- next-auth package is used for this project for authentication.
- bcrypt package is used for this project for encryption of passwords.
This environmental variable has to be set for authentication.
Options Environment Variables NEXTAUTH_URL When deploying to production, set the NEXTAUTH_URL environment variable to the canonical URL of your site.
NEXTAUTH_URL=https://example.com
If your Next.js application uses a custom base path, specify the route to the API endpoint in full. More information about the usage of custom base path here.
I am using next-auth, v4 for this project.
- Signing in: ./components/auth/auth-form.js is the front end of the app. This component file uses "next-auth" client library to sign the user in.
- Enable Using useSession Hook: In order useSession hook to work, we need to wrap ./pages/_app.js file with SessionProvider 'next-auth/react' component. This will be useful for the upcoming sections.
- Not Rendering Links If Unauthenticated: Once login happens sessions has to be kept in the form of JWT. This is accomplished by using ./components/layout/main-navigation.js file. This component is used in ./components/layout/layout.js so the navigation section is pretty much the fixed component in every page. We will use the useSesssion hook of the "next-auth/client" library. useSesssion will control const { data: session, status } = useSession(); session data which then can be used to render various links such as "Login", "Profile" and "Logout" buttons in the same page.
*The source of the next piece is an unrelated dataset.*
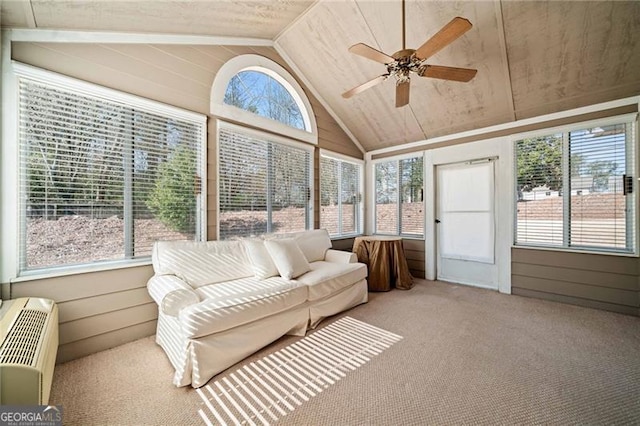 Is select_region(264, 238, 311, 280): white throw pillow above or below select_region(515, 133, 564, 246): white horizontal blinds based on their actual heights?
below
- Client Side Declining Access to Pages: In order to authenticate access to individual pages, for example ./pages/user-info.js, we can use const { data: session, status } = useSession(); on that page to render whether we have or don't have the session token. We have to also do this to prevent people to type manually to access the link.
- Server Side Declining Access to Pages (getServerSideProps): Page ./pages/password.js is used for this example. The method is getSession.
- Server Side Declining Access to Auth Form if Signed In: Check ./pages/auth.js for detail. The method is getSession.
- Server Side Declining Access to Password Change: Check ./pages/user/change-password.js. The method is getSession.
- Signing Out: Signout functionality is also controlled by ./components/layout/main-navigation.js file.
- Password Changing: The ./components/profile/profile-form.js is the file that we can change password. The entered password then hoisted to ./components/profile/user-profile.js.
- ./pages/api/auth/signup.js checks the validity of the credentials to sign up. If the username and password are valid, requests connection to the database and save it to database. It uses ./lib/db.js for database connection and ./lib/auth.js for password hashing and it uses "bcrypt" library.
- ./pages/api/auth/[...nextauth].js. This file is used to check if the signing in user typed the correct email and password. It is connected to ./components/auth/auth-form.js. signIn method in the front end directly connects to the [...nextauth].js because both front end and back end uses "credentials" as a parameter to access both credentials.email and credentials.password on the backend. IMPORTANT NOTE:::: Make sure the location of [...nextauth].js is always under "/api/auth/". Otherwise it will give an error. Refer to this project for more information about [...nextauth].js file. In this project, there are methods to force session to have more info in it.
- ./pages/api/user/change-password.js is used to change the password of the authenticated user.
- ./lib/auth.js file's "verifyPassword" function is used in ./pages/api/auth/[...nextauth].js.